**YOUR TASK:** Make an exact copy of every entry, leaving the pictures out.

(Beginning of AVAILABLE DATA)

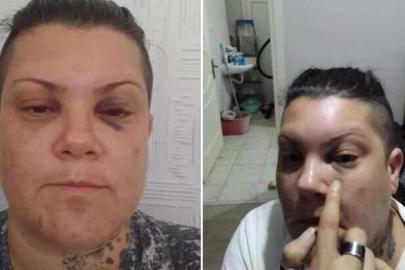 Popstar Evren saldırıya uğradı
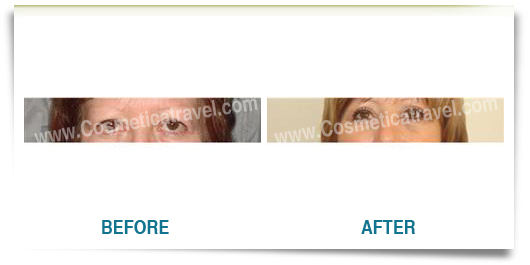 Eyelid surgery before after picture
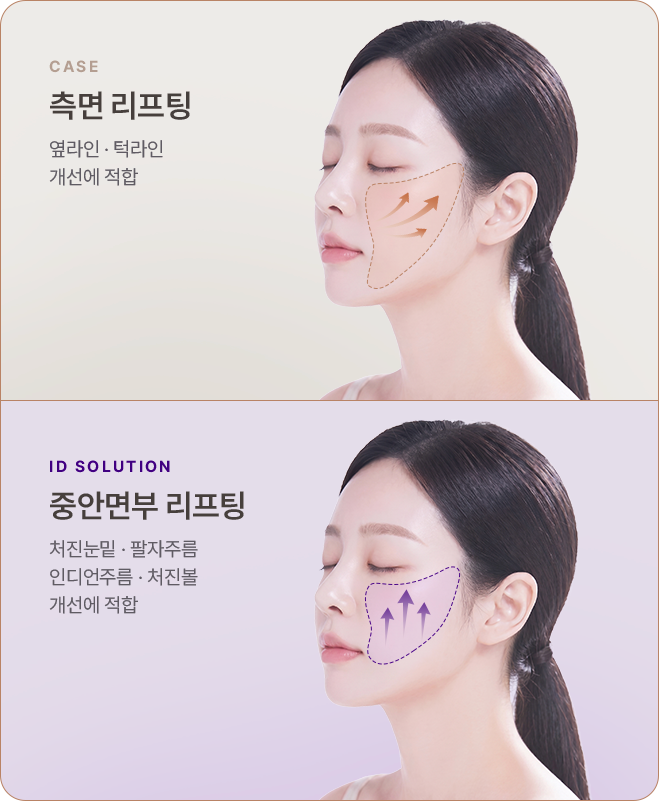 아이디병원 - 측면 리프팅과 중안면부 리프팅 방향 비교 - 리프팅
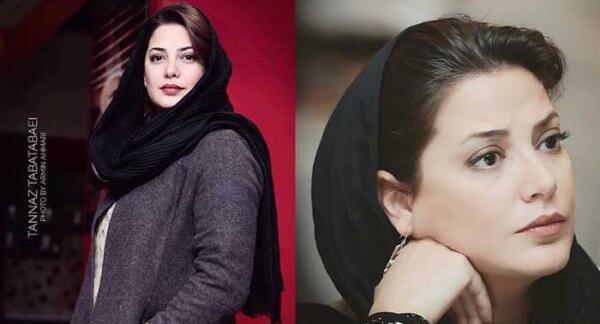 عکس طناز طباطبایی قبل از عمل زیبایی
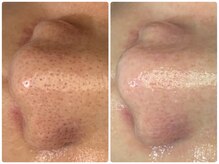 カンナ(Kanna)/毛穴洗浄でもうイチゴ鼻卒業！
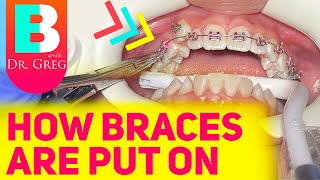 Getting Braces 101  Putting Braces On [upl. by Rosaleen]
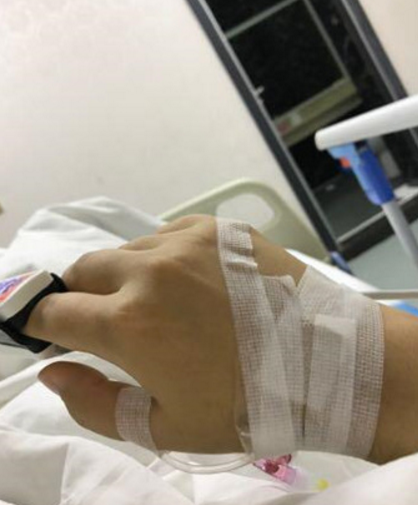 在广州紫馨做的超声波吸脂瘦脸,3个月了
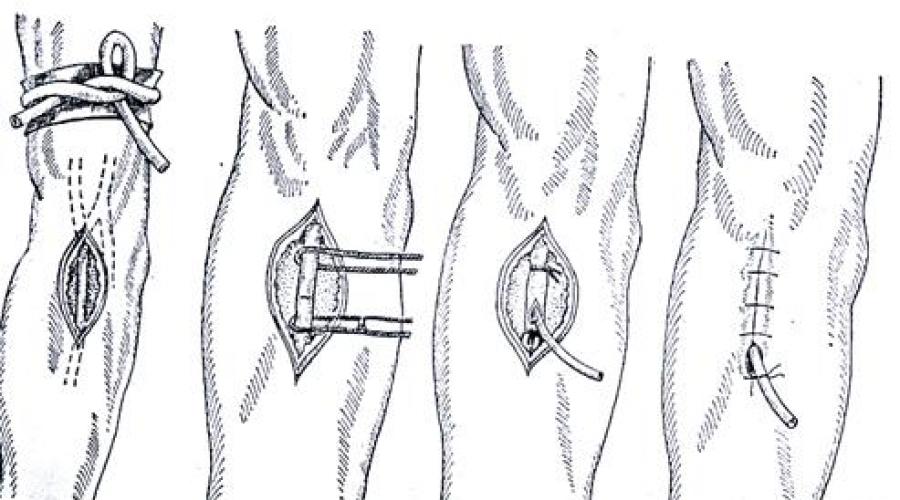 Катетеризация бедренной вены по сельдингеру. Техники катетеризации бедренной вены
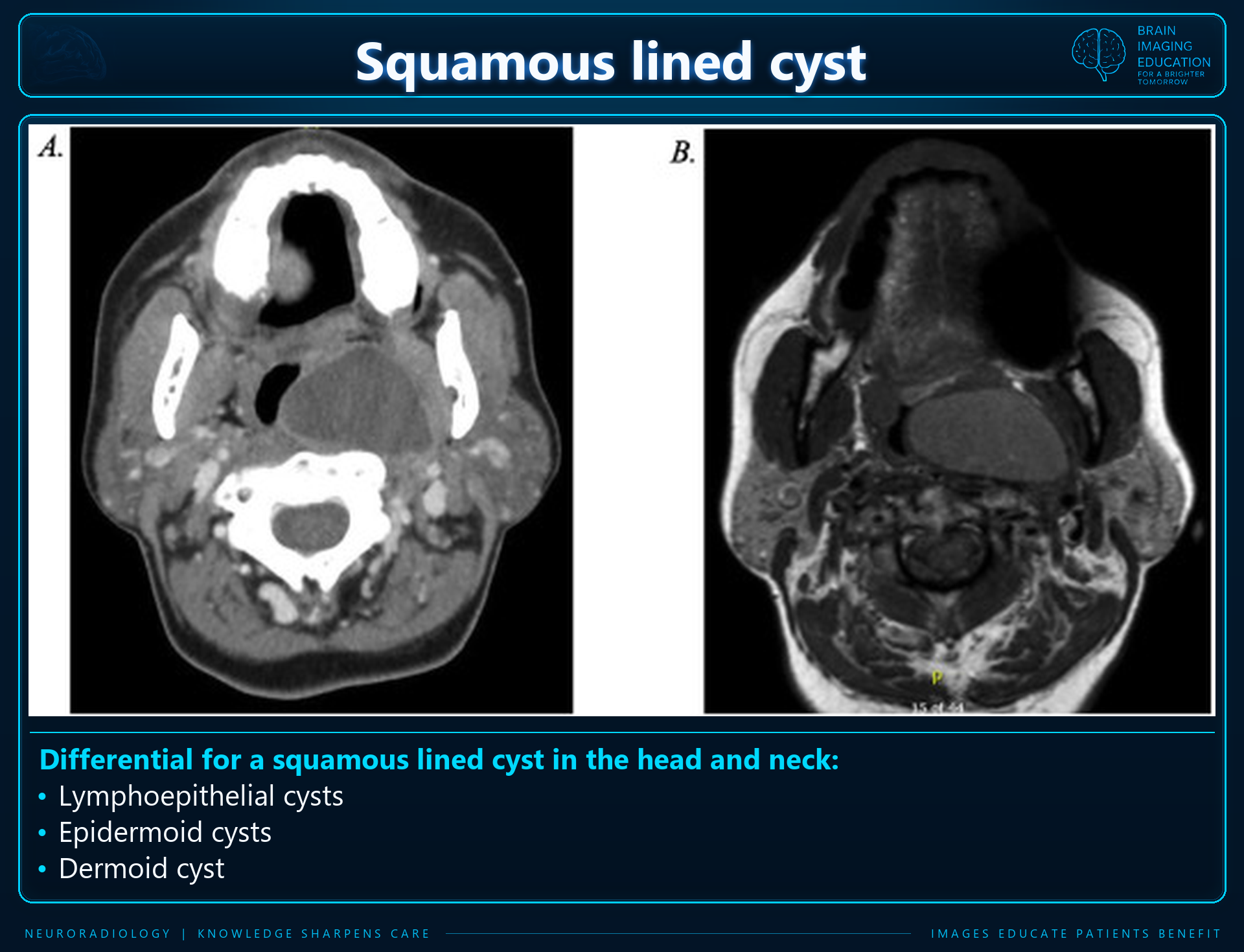 Axial CT and MRI panels of the labeled squamous lined cyst.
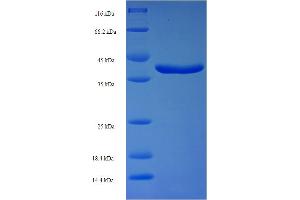 SDS-PAGE (SDS) image for RAB11A, Member RAS Oncogene Family (RAB11A) (AA 2-213) protein (His-SUMO Tag) (ABIN5710201)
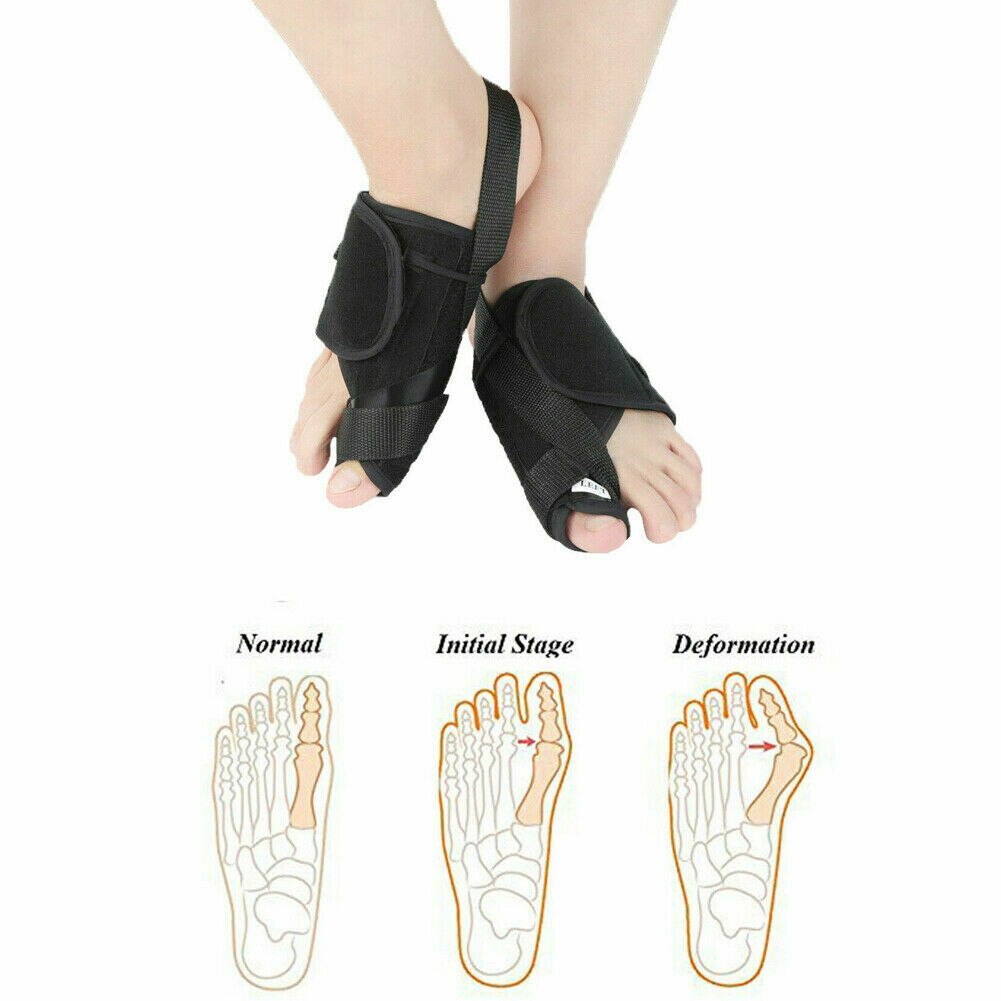Voetverzorging Bunion Spalk Grote Teen Straightener Corrector Foot Pain Relief Hallux Valgus Orthopedische Levert Pedicure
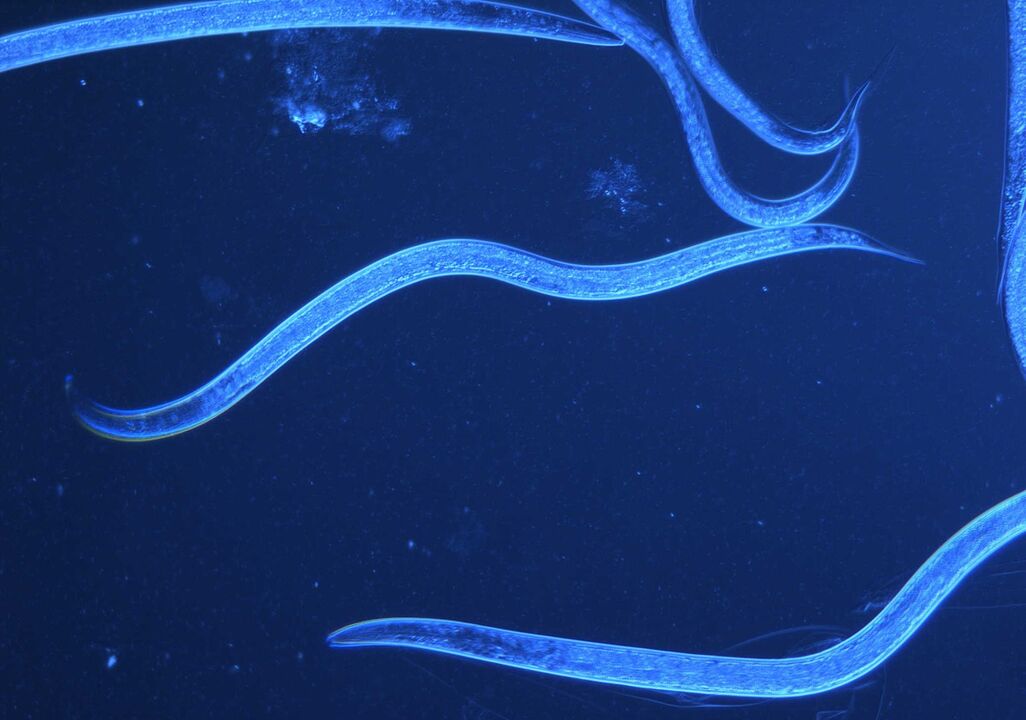 tricocefalo umano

(End of AVAILABLE DATA)

**SOLUTION TO THIS EXERCISE:**
 Popstar Evren saldırıya uğradı
 Eyelid surgery before after picture
 아이디병원 - 측면 리프팅과 중안면부 리프팅 방향 비교 - 리프팅
 عکس طناز طباطبایی قبل از عمل زیبایی
 カンナ(Kanna)/毛穴洗浄でもうイチゴ鼻卒業！
 Getting Braces 101  Putting Braces On [upl. by Rosaleen]
 在广州紫馨做的超声波吸脂瘦脸,3个月了
 Катетеризация бедренной вены по сельдингеру. Техники катетеризации бедренной вены
 Axial CT and MRI panels of the labeled squamous lined cyst.
 SDS-PAGE (SDS) image for RAB11A, Member RAS Oncogene Family (RAB11A) (AA 2-213) protein (His-SUMO Tag) (ABIN5710201)
Voetverzorging Bunion Spalk Grote Teen Straightener Corrector Foot Pain Relief Hallux Valgus Orthopedische Levert Pedicure
 tricocefalo umano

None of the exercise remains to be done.